In the interview you mention, you return to the figure and special role of the intellectual in the city. What was left of the intellectual that Said understood?
KB: What remains of Said is perhaps also one of his most important books, Representations of the Intellectual(1994), in which he develops a conception of the intellectual that eludes the classical typologies, in particular, that established by Raymond Aron: he was neither an “adviser to the prince” like Machiavelli, nor a “confidant of providence” like Marx. He saw the intellectual as an oppositional figure who “speaks truth to power,” whatever the cost, while seeking to build bridges between audiences who should be fighting common battles.
DE: Personally, I think it's the writings from the end of his life that are the most subtle. The intellectual as Said saw it is in crisis today, with the arrival of artificial intelligence and the increasing invasion of disinformation. They threaten both this conception of the figure of the solitary, oppositional intellectual — which he shared with Julien Benda — and that of the amateur intellectual. Said was highly critical of today's triumphant culture of the expert. A voice like his is much harder to make heard in the age of the machine and the almost fused encounter between the overwhelming powers of money and technology.
He also stressed the importance of exile in the development of his thought. In what way could this provide weapons for confronting the migration challenge that is shaking the planet (including for those who, as a result, now feel like “strangers in their own country”)?

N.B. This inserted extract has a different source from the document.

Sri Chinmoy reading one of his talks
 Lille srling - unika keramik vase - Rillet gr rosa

DE: He was really ahead of his time on this issue. What could be a “weapon” in Edward Said's writing is to think about the advantages and disadvantages of exile at the same time. He was aware of how an eccentric or peripheral position in relation to an identity could enrich one's thinking. He was an anti-nationalist who liked to quote Adorno: “It is part of morality not to feel at home in one's home.” Admittedly, this phrase is not always easy to grasp straight away — unless you are Palestinian or Lebanese — but in my opinion, the entirety of humanity is going to have to come up with a new sense of “home,” one that is not framed by borders on which we plant a flag.

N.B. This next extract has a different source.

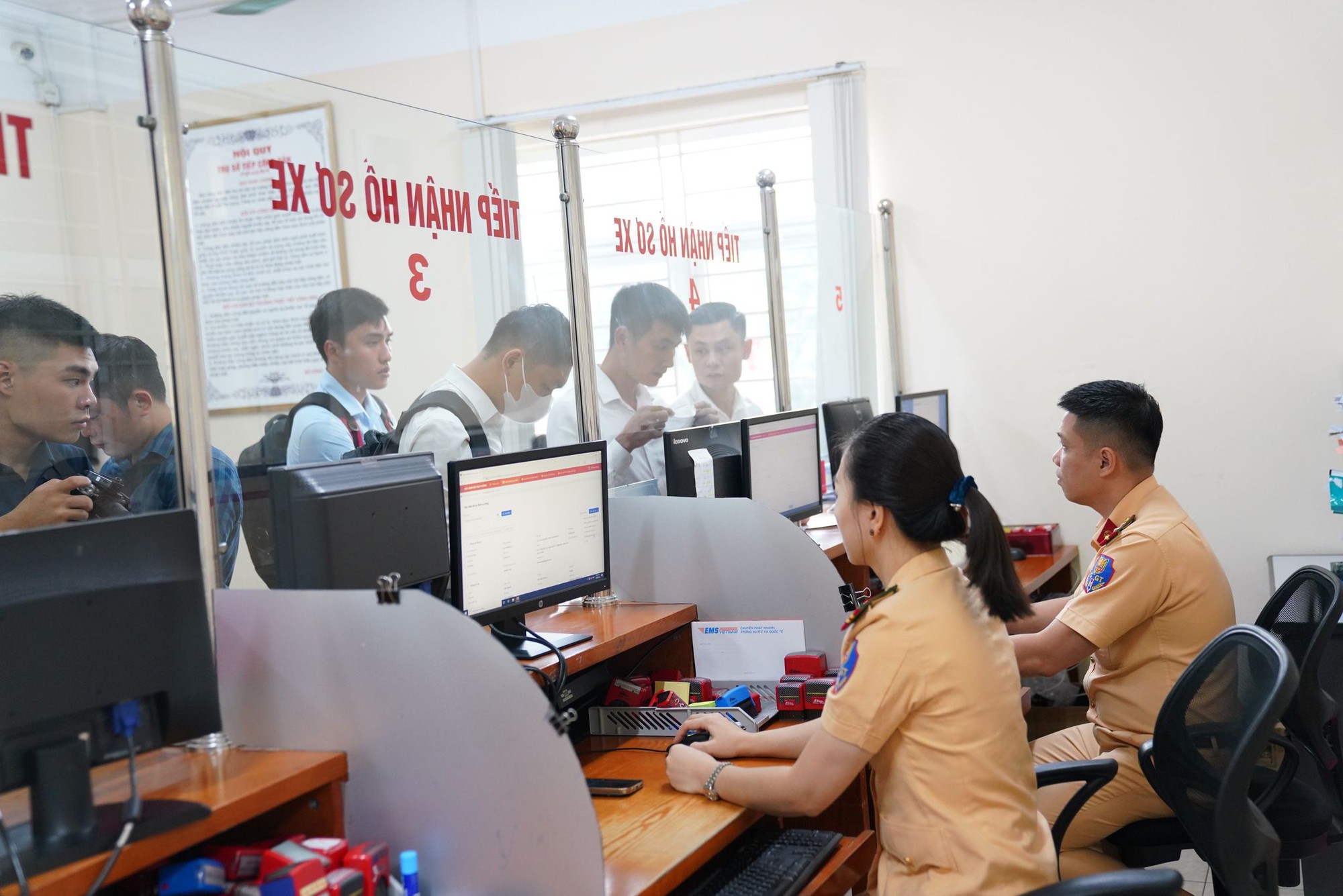 Ngày đầu cấp biển số định danh: Nhiều trường hợp bị từ chối cấp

A secular intellectual opposed to all forms of fundamentalism, who fervently supported Salman Rushdie at the time of Ayatollah Khomeini's fatwa, he might have nonetheless, as you write in "Edward Said: His Thought as a Novel," underestimated the scale of the Islamist threat.

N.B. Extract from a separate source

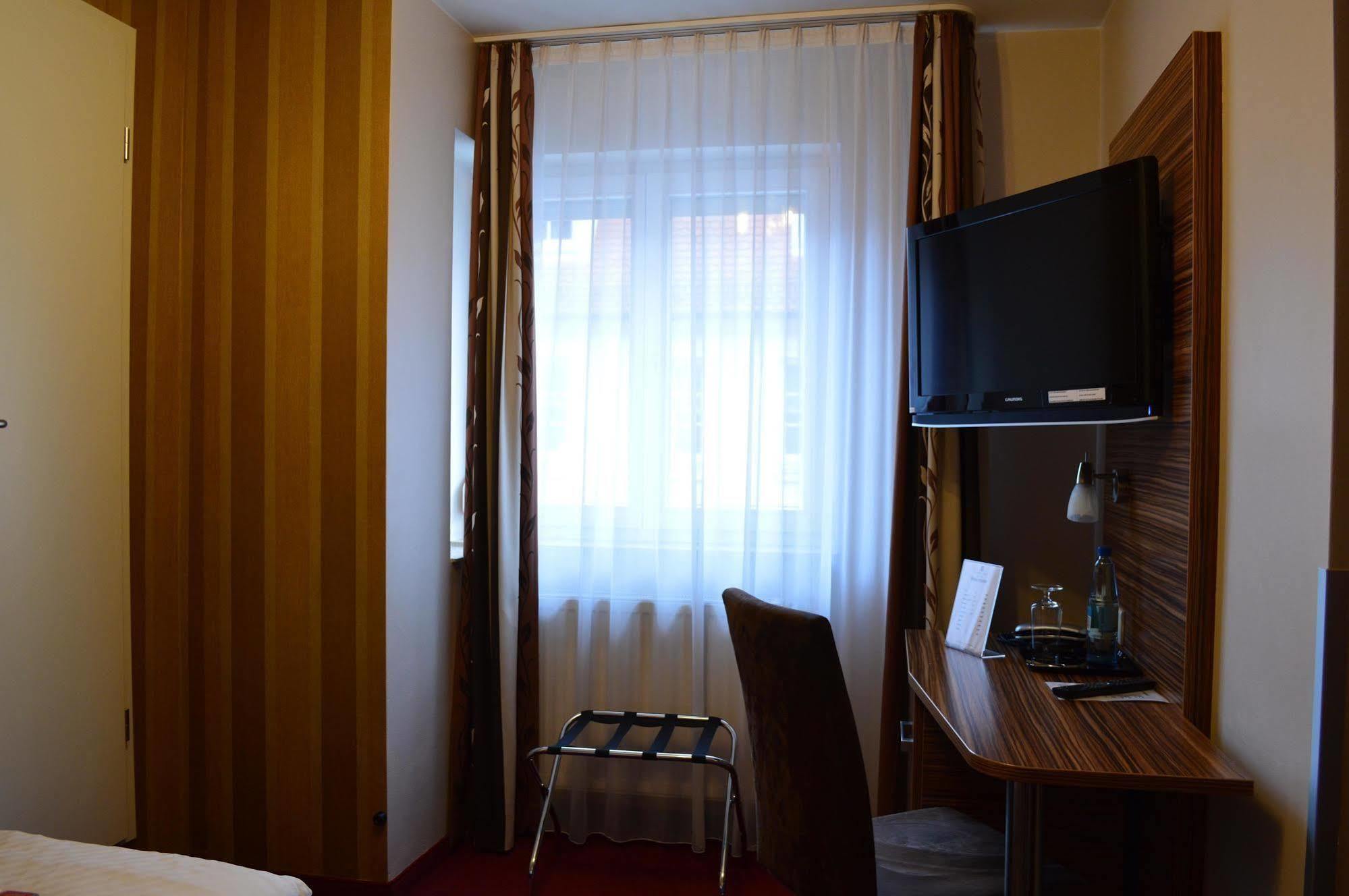Erde Hotel Erlangen Luaran gambar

DE: For example, at the time of Sept. 11, 2001, he thought that it was just a "handful" of madmen. On this point, history has proved him wrong. He was horrified to think that such a deadly phenomenon could have spread within such a varied and rich culture that was thousands of years old. Here again, Benjamin's quote is perfectly apt. The elements of barbarism and civilization coexist.
KB: Said never succumbed to the romantic and erroneous vision of Foucault, for example, who thought that emancipation could come from religious movements. But his extreme rationalism and Cartesianism may have led him to underestimate the persistence of religious feeling and its power to mobilize. He rightly refused to allow 1.5 billion Muslims to be assimilated with terrorists.
DE: In any case, it seems certain to me that Said would have been at the forefront of what we have witnessed over the last 20 years. He was a man who didn't back down in the face of difficulty; I would even say that difficulty was his subject. If he is still with us today, it is because this chaotic century sorely lacks his coherence, his freedom and his courage.